Without question, couples must divide it all when going through a divorce—everything from the wedding china and furnishings to retirement accounts. For couples who own a business together, those are the little things. It’s dividing the value of the business—whether that’s profits or debt—that will take center stage.
High-stakes, big-asset divorces where a business is involved adds an extra layer of complexity, says Jim Mueller, partner with Verner Brumley Mueller Parker PC. “There’s a lot more you need to think about,” he says. “When a business is involved, it’s not your everyday divorce. Most often, it’s the most highly contested asset in the divorce. After all, if the couple could agree on everything, they probably wouldn’t be getting a divorce in the first place. Most likely, they don’t want to keep working together, but in some cases, it makes the most financial sense. The primary goal should be to not lose the value of the business in the divorce, as it is likely what will continue to support both parties in some way once the divorce is final. The fees involved in fighting over everything you have accumulated—lawyers, forensic accountants, and CPAs—can add up quickly. Before you know it, there won’t be much left to divide. While challenging, the best outcome usually involves both parties looking at the bigger picture.”
A good family lawyer will work with high-level, experienced CPAs who will investigate and audit to determine the value of a business, Mueller says. A good family lawyer will also work hard to keep the business aspect of the divorce as private as possible so that its employees and clients aren’t privy to what’s going on in their employers’ personal lives. “We try to keep the business side of the divorce as separate as possible,” he says. “And, by working with experts who can determine the value of the business, we can better determine a fair division of assets and a settlement that both parties agree upon. This is often a far better outcome than a judge making this determination.”

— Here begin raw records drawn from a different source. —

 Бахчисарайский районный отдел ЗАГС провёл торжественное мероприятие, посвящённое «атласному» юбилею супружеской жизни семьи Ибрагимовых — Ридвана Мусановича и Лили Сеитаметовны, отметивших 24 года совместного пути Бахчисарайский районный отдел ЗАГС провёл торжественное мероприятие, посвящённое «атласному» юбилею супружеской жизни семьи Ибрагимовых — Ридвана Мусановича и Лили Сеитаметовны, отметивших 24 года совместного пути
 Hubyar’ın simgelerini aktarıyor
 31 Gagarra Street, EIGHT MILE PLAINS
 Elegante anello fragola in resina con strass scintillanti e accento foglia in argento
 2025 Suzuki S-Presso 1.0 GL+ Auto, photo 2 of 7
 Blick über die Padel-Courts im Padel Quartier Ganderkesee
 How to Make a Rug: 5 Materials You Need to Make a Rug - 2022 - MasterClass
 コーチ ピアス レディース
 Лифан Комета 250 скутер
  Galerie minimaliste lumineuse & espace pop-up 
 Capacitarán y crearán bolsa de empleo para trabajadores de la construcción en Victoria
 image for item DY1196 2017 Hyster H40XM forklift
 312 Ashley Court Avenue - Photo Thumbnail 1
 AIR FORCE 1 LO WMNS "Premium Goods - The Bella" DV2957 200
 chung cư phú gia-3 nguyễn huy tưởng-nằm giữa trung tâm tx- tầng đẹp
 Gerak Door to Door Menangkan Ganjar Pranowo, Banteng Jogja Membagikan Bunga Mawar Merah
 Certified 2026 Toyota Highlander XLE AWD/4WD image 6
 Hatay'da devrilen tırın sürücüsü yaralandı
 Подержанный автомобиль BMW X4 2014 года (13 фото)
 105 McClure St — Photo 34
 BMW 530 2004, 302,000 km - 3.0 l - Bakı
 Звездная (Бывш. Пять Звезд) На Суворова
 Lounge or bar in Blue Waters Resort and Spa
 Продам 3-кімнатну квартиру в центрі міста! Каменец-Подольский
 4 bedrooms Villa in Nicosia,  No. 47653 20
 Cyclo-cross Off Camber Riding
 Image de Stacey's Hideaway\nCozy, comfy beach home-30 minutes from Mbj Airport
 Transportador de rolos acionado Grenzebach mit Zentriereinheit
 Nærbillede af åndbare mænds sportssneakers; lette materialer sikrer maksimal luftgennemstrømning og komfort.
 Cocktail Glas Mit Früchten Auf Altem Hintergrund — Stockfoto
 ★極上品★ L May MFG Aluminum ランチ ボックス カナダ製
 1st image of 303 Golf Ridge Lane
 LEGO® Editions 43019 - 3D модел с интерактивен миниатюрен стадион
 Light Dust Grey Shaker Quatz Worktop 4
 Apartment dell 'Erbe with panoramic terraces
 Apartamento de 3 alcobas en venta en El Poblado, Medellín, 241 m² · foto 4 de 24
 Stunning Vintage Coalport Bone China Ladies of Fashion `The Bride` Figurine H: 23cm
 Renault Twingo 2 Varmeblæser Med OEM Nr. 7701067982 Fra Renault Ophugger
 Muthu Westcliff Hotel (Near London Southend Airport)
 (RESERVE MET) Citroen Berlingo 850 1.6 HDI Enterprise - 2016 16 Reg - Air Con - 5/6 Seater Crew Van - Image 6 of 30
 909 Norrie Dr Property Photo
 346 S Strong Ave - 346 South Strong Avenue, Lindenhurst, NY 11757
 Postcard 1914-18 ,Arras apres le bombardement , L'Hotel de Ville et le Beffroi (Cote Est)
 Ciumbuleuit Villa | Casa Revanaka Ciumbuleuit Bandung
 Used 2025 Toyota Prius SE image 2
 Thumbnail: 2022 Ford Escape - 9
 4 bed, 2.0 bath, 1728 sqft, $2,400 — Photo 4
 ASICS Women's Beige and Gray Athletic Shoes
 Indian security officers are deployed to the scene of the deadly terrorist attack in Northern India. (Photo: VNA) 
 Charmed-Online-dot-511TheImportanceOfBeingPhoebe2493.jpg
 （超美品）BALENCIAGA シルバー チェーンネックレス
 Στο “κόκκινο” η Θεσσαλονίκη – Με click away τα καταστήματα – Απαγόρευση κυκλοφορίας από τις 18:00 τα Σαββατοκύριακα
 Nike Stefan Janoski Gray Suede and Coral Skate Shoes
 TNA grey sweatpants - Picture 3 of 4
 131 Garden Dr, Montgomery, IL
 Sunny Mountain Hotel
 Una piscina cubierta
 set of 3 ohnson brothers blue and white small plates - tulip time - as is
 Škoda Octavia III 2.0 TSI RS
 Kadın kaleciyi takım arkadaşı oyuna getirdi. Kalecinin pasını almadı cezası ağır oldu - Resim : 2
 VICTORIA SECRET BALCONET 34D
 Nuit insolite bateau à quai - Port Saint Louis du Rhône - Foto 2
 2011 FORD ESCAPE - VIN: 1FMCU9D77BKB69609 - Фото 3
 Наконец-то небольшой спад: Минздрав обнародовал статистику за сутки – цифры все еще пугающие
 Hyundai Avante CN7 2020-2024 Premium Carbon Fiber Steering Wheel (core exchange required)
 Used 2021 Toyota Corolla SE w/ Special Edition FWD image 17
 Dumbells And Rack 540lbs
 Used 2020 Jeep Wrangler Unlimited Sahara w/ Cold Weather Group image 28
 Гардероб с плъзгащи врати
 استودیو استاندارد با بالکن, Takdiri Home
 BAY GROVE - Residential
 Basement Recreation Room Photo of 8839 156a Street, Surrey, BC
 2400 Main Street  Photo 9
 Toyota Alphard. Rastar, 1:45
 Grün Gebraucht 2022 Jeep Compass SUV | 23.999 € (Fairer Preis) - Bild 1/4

The primary goal should be to not lose the value of the business in the divorce, as it is likely what will continue to support both parties in some way once the divorce is final.
For a couple who is eager to remove the other owner, i.e., the spouse, from the business, Mueller offers a word of caution. The business may lose value if the face of the business is no longer connected to it. “Let’s say the wife wants the business,” Mueller says. “Consider what it would be like if the husband and all of his experience and connections are removed from the business and a similar business across the street is in operation. What is your business worth at this point? Often, we’ll discover that the business isn’t worth as much without its owner, or both owners, and that both parties need that business for their livelihood. Sometimes a couple will decide to divorce but keep running the business as usual as it is in their best financial interest, and in some cases, the settlement may include creation of securities and payments in the future for the spouse who leaves the business. Therefore, it’s important to hire professional accountants to determine the value of the business, and why, so the best decisions can be made for both parties. It keeps the emotions out of it and deals with the financial facts.”
If you are considering a divorce and own a business with your spouse or fall into the category of high- net-worth, complex divorce, Mueller suggests considering the following tips.
Seek the counsel of an attorney early in the process. “Even if you haven’t talked to your spouse about the divorce, but feel it is highly probable, seek an attorney who can help you now with advice on gathering information about your bank accounts and assets. It doesn’t hurt to be prepared. In other words, know where your money is.”
Make sense of prenuptial agreements, trusts, deeds, and estate matters. “Eventually, we will have to deal with this. There are so many pieces to an estate, so find out what you can about it early. Of course, when a couple marries all they plan on is bliss, but that doesn’t always last. You have slept a lot in 20 years, so it’s not easy to remember what was decided upon decades ago. Gather as many documents as you can.”
Seek the advice of an experienced family law attorney with access to a variety of estate experts and a proven record in handling complex divorce cases. When shopping for an attorney, above all seek board certification and check to see if he or she is a member of the American Academy of Matrimonial Lawyers—an added certification that indicates the attorney’s peers recognize his or her expertise. Typically, well-established, larger family law firms will have a team of experts in a variety of financial, tax, and estate-related fields to assist with asset identification and division during a complex divorce.